Amazon is a fascinating example of a multinational corporation with a multitude of challenges around accounting, finance, management, and operations. JD.com, one of the largest online retailers in China, faces those same challenges. By studying JD.com, MBA students learn business fundamentals while expanding their understanding of global business. The firsthand experience that students gain from international study can further enhance a global mindset.
Given the diverse nature of MBA students, study abroad courses need to reflect the diverse needs of the MBA student body. At the University of San Diego, we offer study abroad opportunities in an intensive two-week format in both January and May to enable more of our students to participate. We also offer international consulting opportunities in various countries around the world. Students have the opportunity to put their learning into practice in a 10-day consulting project at organizations such as BMW in Munich, L’Oreal in Brazil, and various B Corporations in Argentina. The short-term international programs incorporate coursework and opportunities to meet with multiple businesses and business leaders in the host country. Students frequently share that these study abroad opportunities are some of the most impactful of their MBA experience.
You work with students from Europe, Asia, Africa, and the United States. What would you say is the most enriching experience of this multicultural encounter in the classroom? And do students from all regions of the world have something in common?

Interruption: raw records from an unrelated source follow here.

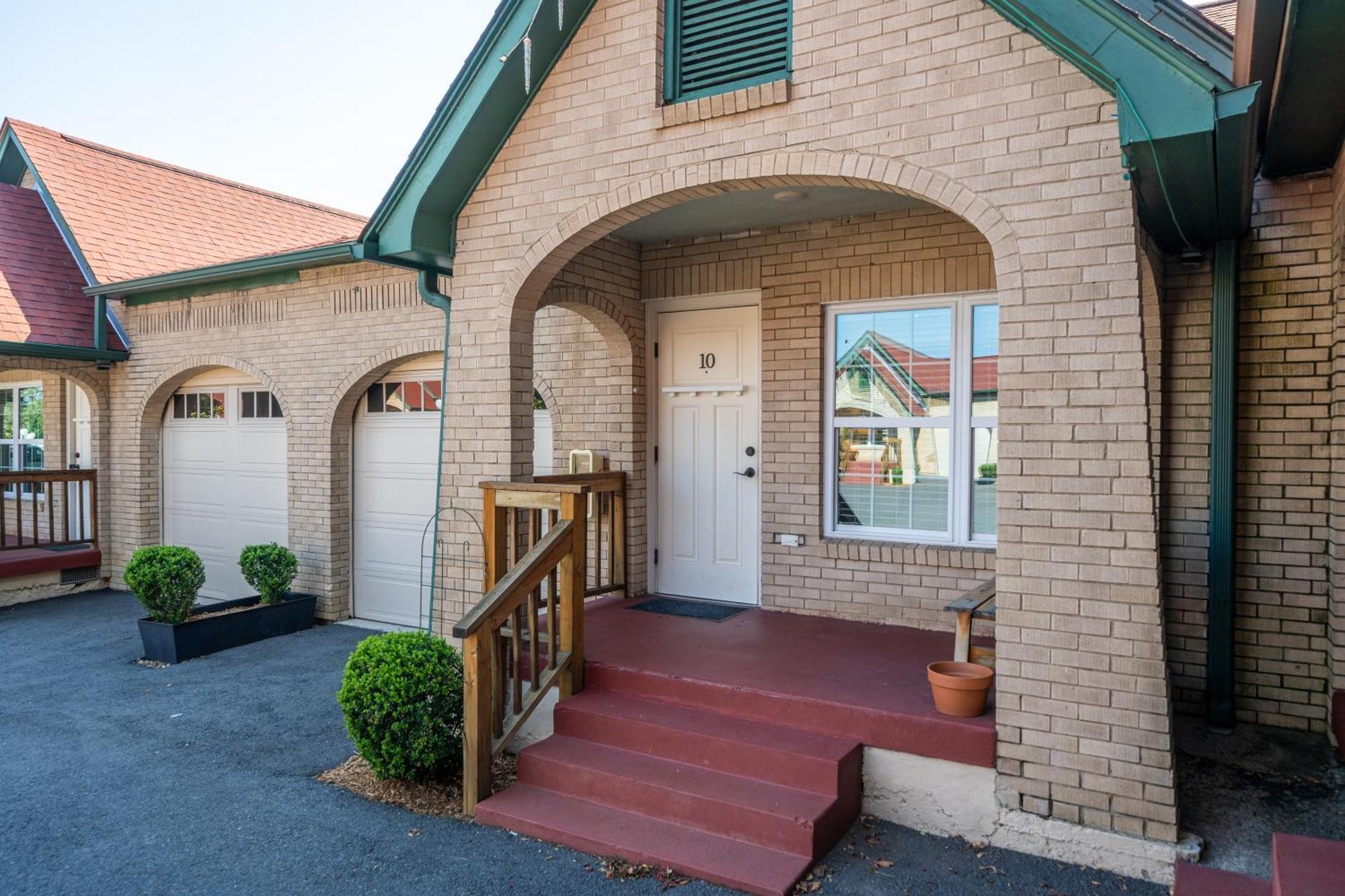 Best Court Hot Springs Exterior photo
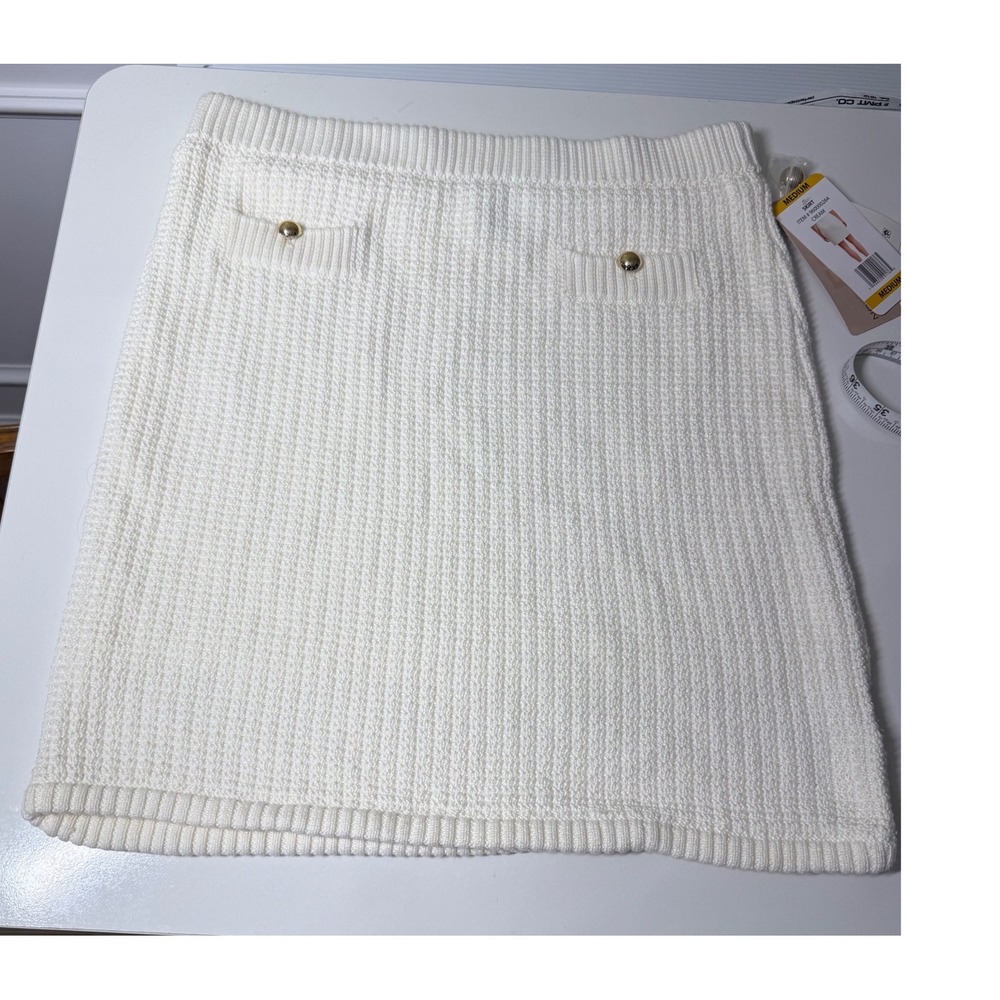 French Connection Egret White Knit Mini Skirt Gold Button Pockets Medium FQQ002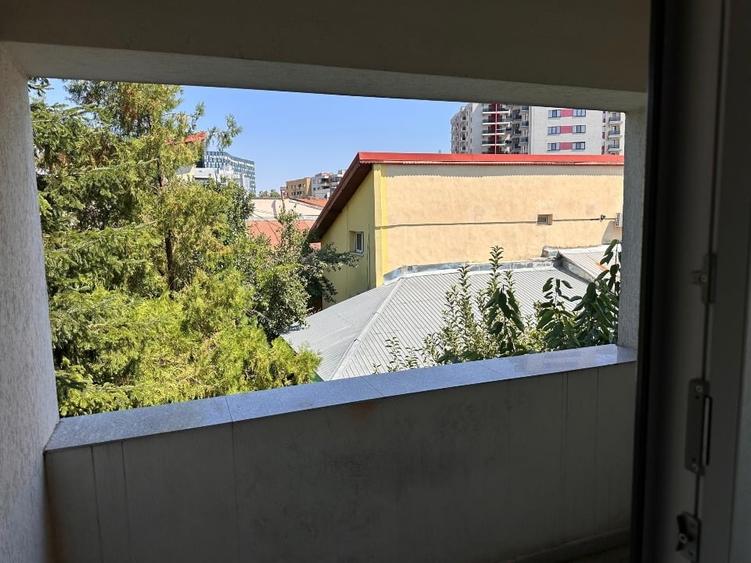Apartament cu 2 camere semidecomandat, mobilat în Grozăvești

The relationships that develop between students constitute one of the most rewarding aspects of a business education. We seek to foster those relationships through activities both inside and outside the classroom. Both the international and domestic students benefit from learning in a global environment. The cultural differences between students add depth and sometimes humor to our discussions.

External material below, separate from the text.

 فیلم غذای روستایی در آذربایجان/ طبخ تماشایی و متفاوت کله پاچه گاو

As an example, in a recent class discussion on sustainable food sources, students reacted to the idea of insects as the food of the future. A student from the United States shared he had eagerly eaten insects while visiting China, which prompted a Chinese student to quickly respond that she would never consume insects in China or anywhere else! Despite differences rooted in culture, home country, or language, MBA students are more alike than they are different. The decision to pursue a graduate degree in business highlights a common quest for knowledge and professional development. Most strikingly, our students from all backgrounds consistently voice the desire to make a difference in the world. This consistent theme highlights the global nature of MBA students’ interest in social responsibility.

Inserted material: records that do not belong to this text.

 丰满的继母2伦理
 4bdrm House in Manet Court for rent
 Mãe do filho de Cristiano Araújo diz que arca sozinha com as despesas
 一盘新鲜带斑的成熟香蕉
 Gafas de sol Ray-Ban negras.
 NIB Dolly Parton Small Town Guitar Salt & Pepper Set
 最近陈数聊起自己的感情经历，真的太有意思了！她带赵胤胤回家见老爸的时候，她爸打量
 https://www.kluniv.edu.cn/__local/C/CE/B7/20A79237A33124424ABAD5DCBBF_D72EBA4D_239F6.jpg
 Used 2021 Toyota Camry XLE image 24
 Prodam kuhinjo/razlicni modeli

Why share your knowledge? What does that mean to you?
Just as students are motivated to make a difference, we are similarly motivated by the lofty goal of educating our future leaders. Business students are in a unique time in their lives—they can focus on acquiring knowledge and developing new insights to prepare them for their future endeavors. As professors, we feel deeply compelled to ensure that an understanding of social responsibility frames our students’ education.
We expect MBA students to develop competency in finance, accounting, marketing, and other technical areas, but we also feel a responsibility to prepare our future business leaders to strive for success based on the principles of social responsibility.
Abigail Berk teaches graduate and undergraduate courses in ethics, social responsibility, social entrepreneurship, and organizational behavior at the University of San Diego School of Business.
Richard E. Custin is a clinical professor of business law and ethics at the University of San Diego School of Business. He also serves as an affiliate professor at the University’s Joan B. Kroc School of Peace Studies.